Key questions raised during the first edition

Several questions common to the participants from the three countries were discussed without necessarily leading to convergence:

  • what definitions should be given to the concepts of agglomeration, for which relevant territory(ies), according to an approach based on objectives, means, tools or institutions

  • what is a specifically urban agglomeration project,

  • through the practices of agglomeration leaders, what are the objectives pursued, the keys to success, the instruments for implementing this vision.

Issues addressed in the second edition

Three themes were chosen to structure the second platform held in Namur (Belgium) on March 18, 19 and 20, 2004.

  1. What definition could be given to the agglomeration community, through the experiences of the three countries?

  2. What are the specific problems of cross-border conurbations?

  3. What can we learn from agglomeration projects about collective learning processes, modes of regulation and innovative approaches?

During the first meeting, case studies, with meetings of actors, as in the case of the Neuchâtel Urban Network (RUN) project, were deemed necessary to stimulate the debates.

Taking into account the wishes expressed by the participants, the second edition of the exchange platform was structured in three workshops

  • innovative practices in agglomeration projects

  • problems of cross-border conurbations

  • Walloon agglomeration policy : paths for new strategies

A morning visit to the Centre Urban Community (CUC - La Louvière) was an opportunity to discover its ambitions, achievements and underlying issues.

This summary is intended for the participants of the Namur platform. It sets out the main issues discussed during the workshops, presents the positions taken and raises new questions. The conclusion proposes a collective evaluation made at the end of the seminar and suggests possible themes for the third edition.

1. Innovative practices of agglomeration projects

Starting with innovative agglomeration projects, the first workshop focused on the content and methods of developing such projects. It appeared interesting to look back at the Walloon (La Louvière) and Swiss experiences.

Elements of debate on the practices of Walloon and Swiss agglomerations

In examining the actions proposed by the CUC2 (the «  possible  » of the project), P. Olivier highlighted the «  existential  » issue that generates the collective project : loss of 60,000 jobs in 30 years, lack of institutional recognition of the conurbation as a territory of solidarity, competition between neighboring cities, dual membership of some municipalities torn between La Louvière and Charleroi.

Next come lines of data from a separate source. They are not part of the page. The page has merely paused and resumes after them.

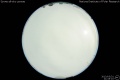 2013/3/31 21:45’10”
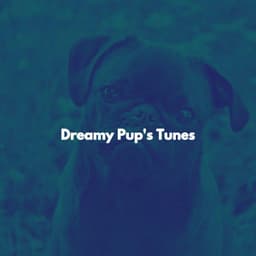 Dreamy Pup's Tunes - Musica del lobby del Hotel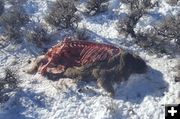 Poached Mule Deer. Photo by Wyoming Game & Fish.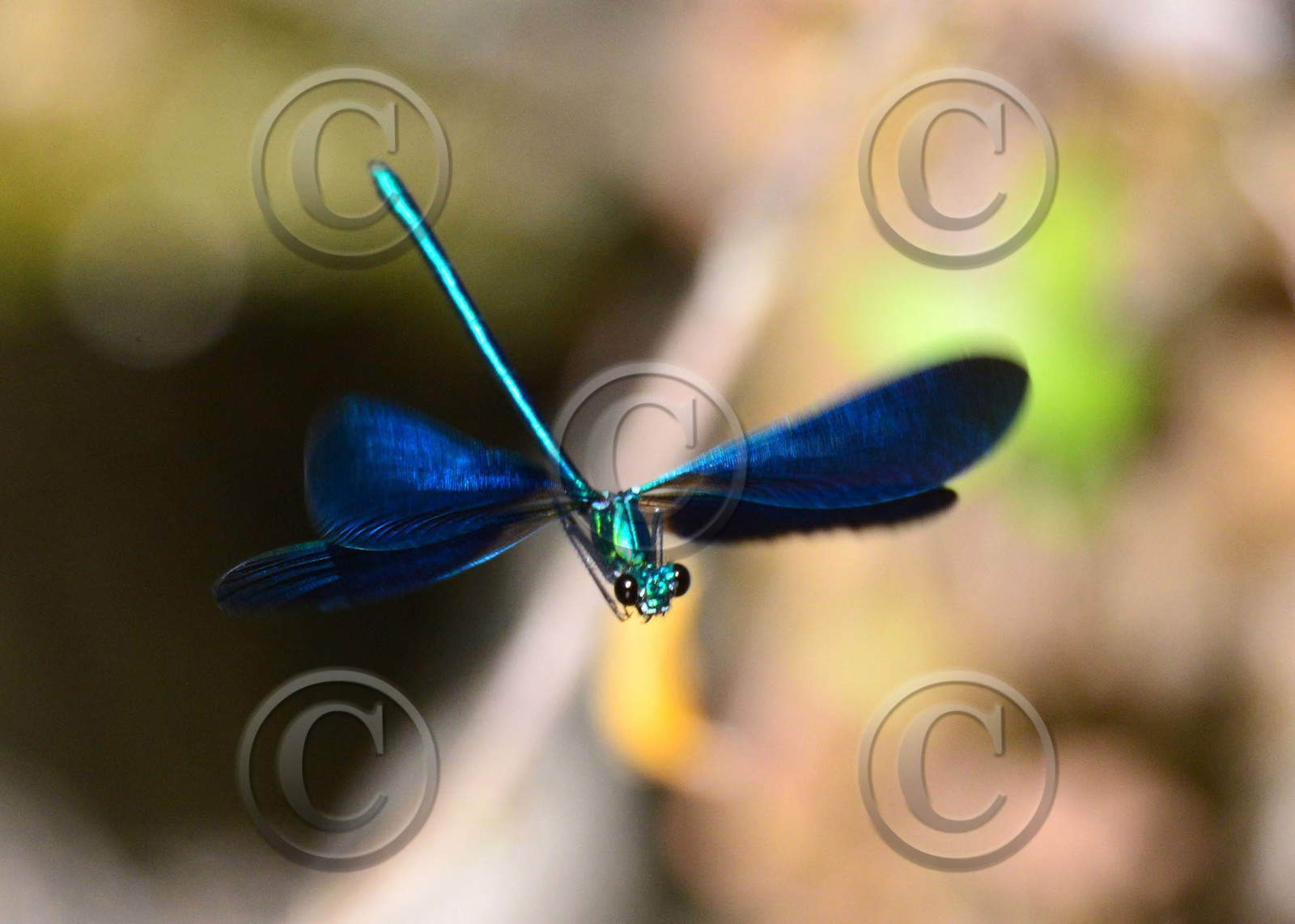 Photo de la sainte baume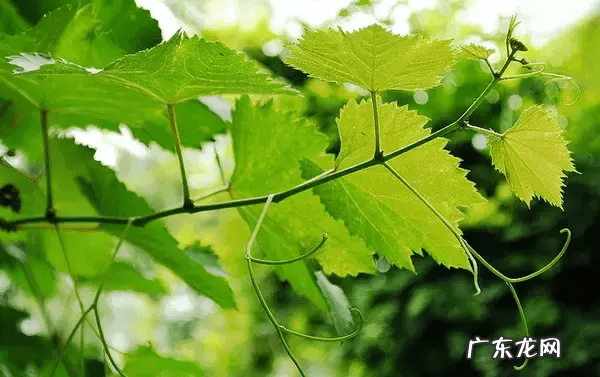 庭院种树风水 风水学院子里种什么树好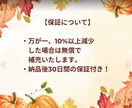 TikTok再生回数増やします TikTokで再生回数UP♪人気クリエイターの道へ★ イメージ7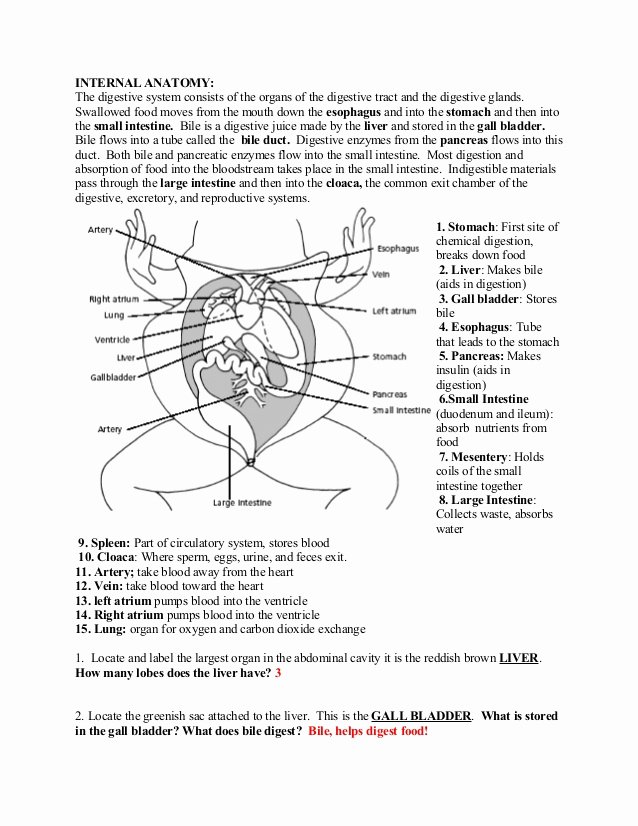Frog Dissection Pre Lab Worksheet Inspirational Frog Dissection Lab Answer Key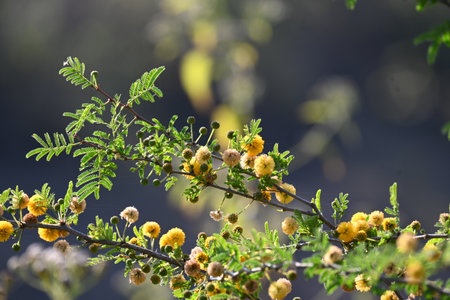 Vachellia nilotica flowers. Its other names gum arabic tree,Â babul, thorn mimosa, Egyptian acacia and thorny acacia. This is a tree in the familyÂ Fabaceae. Yellow Wildflower.の写真素材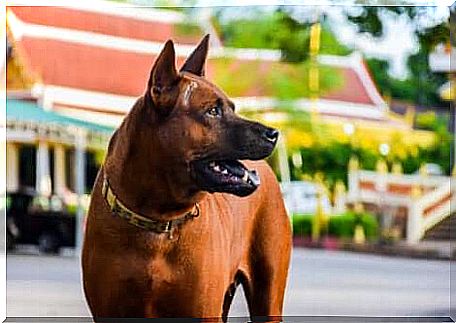 Thai Ridgeback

In the absence of a process initiated by the central state, the dynamics of the project (I want) come from the grassroots (the project’s bearers, mainly a few elected officials), while the institutional constraint (I must) is rather opposed to the constitution of communities of communes. The dual membership of some of the communes is a source of contradiction: it is an obstacle in terms of cohesion in action. But this ambiguous status creates a dynamic of negotiation, or even partnership on a voluntary basis between antagonistic territories, those of Charleroi, La Louvière and Mons. One may wonder whether institutionalizing the status of dual membership does not lead to slowing down the internal dynamism of the Louvière conurbation. Experience shows, however, that it is possible to manage this variable-geometry inter-municipal solidarity flexibly, taking care not to put neighbouring conurbations in competition with each other in areas such as economic development, taxation or transport.

A look at the Swiss experiences3 (the agglomerations of Basel, Neuchâtel, Fribourg, Lausanne and Geneva) reveals a diversity of innovative practices that reflect a search for the most appropriate operating methods. The institutional constraints of the federal agglomeration policy are pushing for innovation, but the cities are cautious and are proceeding step by step. L. Boulianne analyzes the current experiments as a learning process in a loop. This explains the development of agglomeration projects by making them evolve around functional (leaders) / institutional (elected officials and civil servants) and relational (citizens / supporters) logics.

The debate shows that the dynamics of the agglomeration project in Switzerland stem from a game of multiple actors, leading to different solutions depending on the canton. The process consists of inventing approaches.

The loop process leads to a few observations. Depending on the case, the project develops in a spiral (amplification effect) or runs out of steam. Time is a non-neutral component in this process : after a while, there is no longer a clearly identified starting point in the process.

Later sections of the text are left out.